A Spark Of Light – A Quick Q&A With Performance Distributors

With the constant improvement of technology in new cars, one of the areas the OEMs have been making leaps and bounds in, is the ignition system. The OEMs aren’t just creating systems which output a stronger spark these days but an overall smarter spark as well. Performance Distributors has faced the challenge of keeping up with the advancements and building a better ignition system than the OEMs.

While it may seem like with the manufacturers stepping up their collective ignition game, it might make the jobs of the aftermarket ignition companies that much harder to improve upon stock. To get the straight scoop, we went to our friend Steve Davis at Performance Distributors.

Unique in that they manufacture a wide range of ignition upgrades, from vintage engines like the Nailhead and Flathead, to the most modern powerplants, like the Coyote, LS, and Gen III Hemi, Perfomance Distributors has a unique perspective from which to compare and contrast.

EngineLabs: How different are the individual coils of a modern coil-on-plug system versus a traditional distributor and single coil setup?

Steve Davis: You can really pack a lot of voltage into a smaller package with today’s coil-on-plug systems. Improved windings and improved thermal epoxy has improved the performance and reliability of the coils. With individual coils, you can beef up your spark on each cylinder, while with the single-coil engines, your spark was “spread out” over eight cylinders.

Then, when you add in that [today’s] computer and the coil-on-plugs “communicate” and the computer tells each coil exactly when to fire, [the new OEM ignitions] really start to be more than just a stronger spark.

EL: Has the improved technology in the construction of individual coils “trickled down” into improved older-style coils?

SD: A little reverse engineering has indeed improved the older style coils. For example, we now use better windings and thermal epoxy in our Racing D.U.I.(HEI-style) coils.
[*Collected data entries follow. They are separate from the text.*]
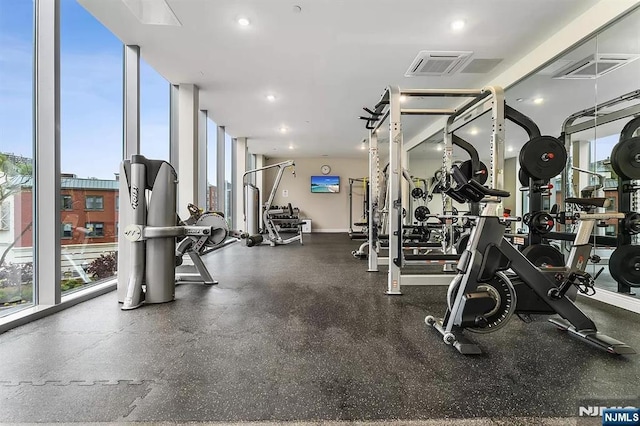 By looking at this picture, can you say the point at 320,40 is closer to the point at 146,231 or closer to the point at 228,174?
the point at 146,231

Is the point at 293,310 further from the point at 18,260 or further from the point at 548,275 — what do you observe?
the point at 18,260

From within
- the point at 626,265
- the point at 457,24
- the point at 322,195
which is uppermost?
the point at 457,24

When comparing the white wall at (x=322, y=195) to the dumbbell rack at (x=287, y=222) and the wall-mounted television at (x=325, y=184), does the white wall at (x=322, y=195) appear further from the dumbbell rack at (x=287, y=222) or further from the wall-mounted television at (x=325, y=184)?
the dumbbell rack at (x=287, y=222)

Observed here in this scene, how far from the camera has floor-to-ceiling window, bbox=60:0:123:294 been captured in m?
2.62

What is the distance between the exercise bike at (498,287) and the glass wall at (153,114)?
10.7 feet

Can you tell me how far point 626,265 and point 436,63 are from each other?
3.01 metres

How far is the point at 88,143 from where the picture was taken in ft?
9.48

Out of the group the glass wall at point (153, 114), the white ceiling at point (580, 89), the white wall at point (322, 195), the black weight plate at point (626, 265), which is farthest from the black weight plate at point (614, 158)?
the white wall at point (322, 195)

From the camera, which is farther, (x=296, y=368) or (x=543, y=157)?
(x=543, y=157)

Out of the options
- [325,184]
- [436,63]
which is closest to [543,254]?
[436,63]

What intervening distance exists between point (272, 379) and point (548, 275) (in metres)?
1.82

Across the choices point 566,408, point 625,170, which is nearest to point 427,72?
point 625,170

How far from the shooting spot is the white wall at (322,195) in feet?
36.4

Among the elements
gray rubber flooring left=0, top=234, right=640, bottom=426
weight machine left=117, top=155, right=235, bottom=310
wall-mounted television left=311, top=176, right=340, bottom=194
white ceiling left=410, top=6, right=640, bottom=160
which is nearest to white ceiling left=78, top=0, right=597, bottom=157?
white ceiling left=410, top=6, right=640, bottom=160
Now they have no problem firing all the way to well-over 10.000 rpm.

EL: What areas do OEM ignitions tend to leave the most room on the table for aftermarket improvement?

SD: OEMs are notorious for designing ignition systems that fall flat in the mid-range. We at Performance Distributors are able to take advantage of this weakness by improving the voltage under high load (hard acceleration), and at the same time, we can run wider spark plug gaps because of the additional voltage from the improved coils. Wider [spark plug] gaps lead to a more complete combustion of the fuel mixture which, in turn, equals more horsepower and torque.
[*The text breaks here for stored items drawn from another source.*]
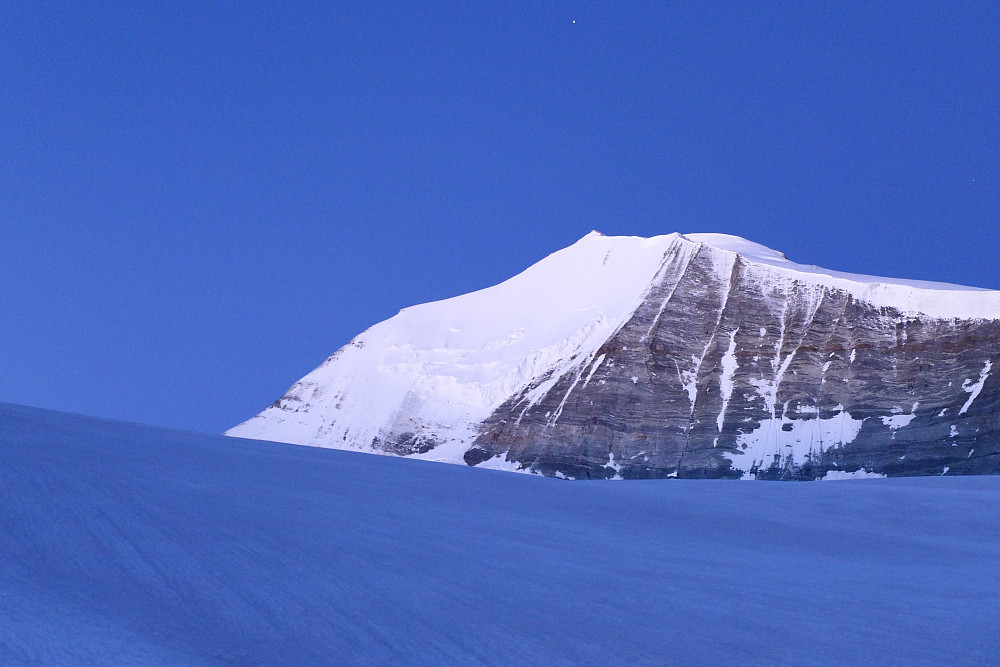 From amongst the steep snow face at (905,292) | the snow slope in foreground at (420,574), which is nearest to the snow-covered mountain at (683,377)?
the steep snow face at (905,292)

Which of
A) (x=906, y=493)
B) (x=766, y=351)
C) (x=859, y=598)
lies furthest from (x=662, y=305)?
(x=859, y=598)

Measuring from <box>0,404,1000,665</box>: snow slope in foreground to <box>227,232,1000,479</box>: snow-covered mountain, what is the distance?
160 feet

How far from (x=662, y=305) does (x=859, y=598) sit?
65.4m

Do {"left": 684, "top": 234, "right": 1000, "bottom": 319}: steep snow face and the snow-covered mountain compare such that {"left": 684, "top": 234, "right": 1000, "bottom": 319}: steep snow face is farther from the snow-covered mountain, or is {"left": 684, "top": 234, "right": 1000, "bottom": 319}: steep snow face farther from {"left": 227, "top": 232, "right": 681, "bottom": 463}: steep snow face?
{"left": 227, "top": 232, "right": 681, "bottom": 463}: steep snow face

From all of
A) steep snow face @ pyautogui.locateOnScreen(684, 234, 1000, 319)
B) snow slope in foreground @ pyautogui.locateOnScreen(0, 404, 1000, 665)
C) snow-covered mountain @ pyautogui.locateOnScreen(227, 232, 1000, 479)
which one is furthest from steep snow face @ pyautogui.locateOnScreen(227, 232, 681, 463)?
snow slope in foreground @ pyautogui.locateOnScreen(0, 404, 1000, 665)

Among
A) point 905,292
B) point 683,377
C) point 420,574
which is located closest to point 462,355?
point 683,377

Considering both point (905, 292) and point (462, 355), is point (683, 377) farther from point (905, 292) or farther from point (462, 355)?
point (462, 355)

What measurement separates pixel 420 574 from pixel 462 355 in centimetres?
7277

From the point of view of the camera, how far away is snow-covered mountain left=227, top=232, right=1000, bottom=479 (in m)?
54.6

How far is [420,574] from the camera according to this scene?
4352mm

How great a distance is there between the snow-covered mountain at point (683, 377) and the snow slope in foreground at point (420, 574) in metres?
48.7

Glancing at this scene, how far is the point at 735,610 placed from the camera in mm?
4234

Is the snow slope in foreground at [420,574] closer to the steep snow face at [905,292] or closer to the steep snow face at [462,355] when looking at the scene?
the steep snow face at [905,292]

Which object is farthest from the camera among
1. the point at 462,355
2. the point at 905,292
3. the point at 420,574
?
the point at 462,355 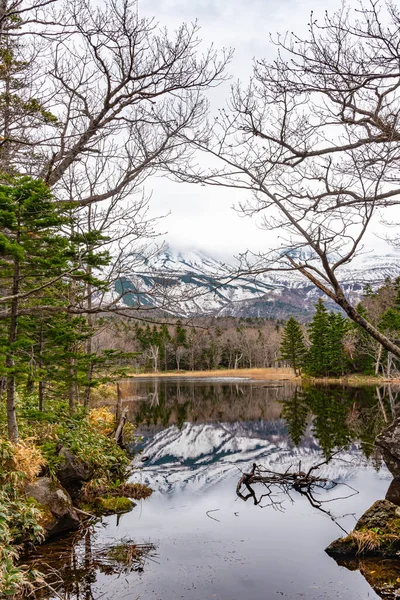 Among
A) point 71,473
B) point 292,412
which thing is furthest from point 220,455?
point 292,412

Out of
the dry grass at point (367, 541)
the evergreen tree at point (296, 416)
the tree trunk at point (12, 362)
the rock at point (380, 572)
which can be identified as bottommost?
the evergreen tree at point (296, 416)

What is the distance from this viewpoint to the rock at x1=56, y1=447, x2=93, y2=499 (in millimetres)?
9000

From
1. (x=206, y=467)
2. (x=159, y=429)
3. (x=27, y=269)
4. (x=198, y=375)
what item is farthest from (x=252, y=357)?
(x=27, y=269)

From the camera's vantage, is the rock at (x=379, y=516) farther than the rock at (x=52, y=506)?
No

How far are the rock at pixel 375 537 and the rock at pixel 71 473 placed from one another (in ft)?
16.8

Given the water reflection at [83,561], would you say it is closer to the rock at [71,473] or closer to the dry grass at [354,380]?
the rock at [71,473]

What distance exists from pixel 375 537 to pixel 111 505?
550 centimetres

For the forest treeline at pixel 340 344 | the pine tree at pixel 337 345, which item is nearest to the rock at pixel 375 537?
the forest treeline at pixel 340 344

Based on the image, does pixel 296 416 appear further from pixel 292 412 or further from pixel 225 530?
pixel 225 530

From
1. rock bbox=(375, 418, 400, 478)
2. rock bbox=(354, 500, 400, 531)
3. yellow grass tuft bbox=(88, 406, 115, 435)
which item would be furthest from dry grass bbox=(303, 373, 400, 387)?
rock bbox=(354, 500, 400, 531)

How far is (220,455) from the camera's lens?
1605cm

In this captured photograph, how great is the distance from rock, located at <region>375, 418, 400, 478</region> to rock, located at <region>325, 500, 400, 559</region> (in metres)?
1.36

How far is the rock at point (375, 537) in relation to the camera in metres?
6.93

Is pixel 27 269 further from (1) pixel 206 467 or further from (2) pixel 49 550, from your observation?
(1) pixel 206 467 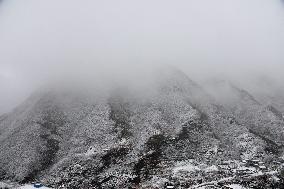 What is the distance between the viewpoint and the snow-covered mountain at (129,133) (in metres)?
100

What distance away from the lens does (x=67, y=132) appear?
125000 mm

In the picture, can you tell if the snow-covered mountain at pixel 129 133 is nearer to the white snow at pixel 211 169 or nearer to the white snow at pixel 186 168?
the white snow at pixel 186 168

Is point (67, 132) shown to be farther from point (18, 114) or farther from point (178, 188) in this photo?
point (178, 188)

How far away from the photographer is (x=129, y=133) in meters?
119

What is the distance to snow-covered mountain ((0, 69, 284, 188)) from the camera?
10000cm

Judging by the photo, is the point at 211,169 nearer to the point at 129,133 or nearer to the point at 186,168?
the point at 186,168

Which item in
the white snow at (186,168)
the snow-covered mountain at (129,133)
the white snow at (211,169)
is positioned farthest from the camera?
the snow-covered mountain at (129,133)

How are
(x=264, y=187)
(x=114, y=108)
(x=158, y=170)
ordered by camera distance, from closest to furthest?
(x=264, y=187) < (x=158, y=170) < (x=114, y=108)

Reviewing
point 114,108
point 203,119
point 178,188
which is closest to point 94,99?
point 114,108

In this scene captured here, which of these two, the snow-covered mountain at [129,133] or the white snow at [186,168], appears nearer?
the white snow at [186,168]

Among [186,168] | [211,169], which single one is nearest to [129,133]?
[186,168]

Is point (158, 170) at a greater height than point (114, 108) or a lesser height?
lesser

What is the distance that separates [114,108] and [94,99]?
37.3ft

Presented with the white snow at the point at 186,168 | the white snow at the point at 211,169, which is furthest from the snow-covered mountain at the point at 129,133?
the white snow at the point at 211,169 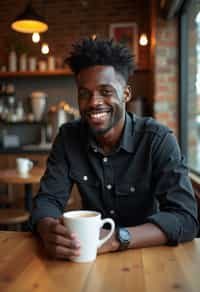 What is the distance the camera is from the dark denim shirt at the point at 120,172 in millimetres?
1342

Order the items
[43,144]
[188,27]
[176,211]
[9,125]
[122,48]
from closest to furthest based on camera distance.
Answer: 1. [176,211]
2. [122,48]
3. [188,27]
4. [43,144]
5. [9,125]

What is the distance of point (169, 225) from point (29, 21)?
3.24m

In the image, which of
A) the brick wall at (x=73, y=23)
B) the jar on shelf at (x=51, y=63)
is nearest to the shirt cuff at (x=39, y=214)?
the brick wall at (x=73, y=23)

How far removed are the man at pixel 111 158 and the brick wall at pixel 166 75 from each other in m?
2.50

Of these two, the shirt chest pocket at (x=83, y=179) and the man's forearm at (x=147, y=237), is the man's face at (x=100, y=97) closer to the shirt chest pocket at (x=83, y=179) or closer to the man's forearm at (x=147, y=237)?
the shirt chest pocket at (x=83, y=179)

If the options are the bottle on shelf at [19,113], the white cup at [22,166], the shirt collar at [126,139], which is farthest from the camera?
the bottle on shelf at [19,113]

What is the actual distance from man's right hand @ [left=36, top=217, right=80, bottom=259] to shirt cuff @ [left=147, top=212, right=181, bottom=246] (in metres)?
0.31

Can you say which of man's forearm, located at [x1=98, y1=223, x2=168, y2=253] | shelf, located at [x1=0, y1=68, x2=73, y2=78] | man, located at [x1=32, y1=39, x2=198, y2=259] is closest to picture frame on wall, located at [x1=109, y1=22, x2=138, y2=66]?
shelf, located at [x1=0, y1=68, x2=73, y2=78]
A true coil-on-plug design – like the EcoBoost SOS coils seen here – offer a hotter spark than a traditional coil, both by not having to divide a coil’s output by the number of cylinders, as well as not having the resistance of a plug wire. The downside is that the coils are subjected to increased heat.

EL: How does that compare to the older style ignitions? Do they have the same OEM weaknesses, or has the new technology shifted where the aftermarket needs to focus?

SD: The same areas of weakness are true of both the new and old technology. The OEMs do this because a high percentage of their market are not gearheads and aren’t ever going to change cams and heads, run tuners, etc.

EL: What are the differences (benefits and/or drawbacks) to a true coil-on-plug setup, versus a coil-per-plug setup, where there is still a plug wire used, like an LS setup?

SD: A true coil-on-plug system’s main benefit is being right on the spark plug, which translates to virtually no resistance against the spark’s travel. But, by being so close to combustion, they are subjected to a little more heat. The LS setup experiences more resistance thru the ignition system because the spark has to travel through plug wires. However, being a little further from the plugs, they are not exposed to quite as much heat and perform slightly better.

EL: Is the increased heat something you have to account for in the coil’s performance or just making sure that the materials will withstand the additional heat?

SD: Both. We have to account for the additional heat in the design of the coil – especially the windings, as well as the thermal epoxies used in the coil’s construction.

EL: Some of your coils tout their high-RPM performance and some highlight their improvement in the mid-range (specifically the Coyote versus EcoBoost SOS coils); why’s that?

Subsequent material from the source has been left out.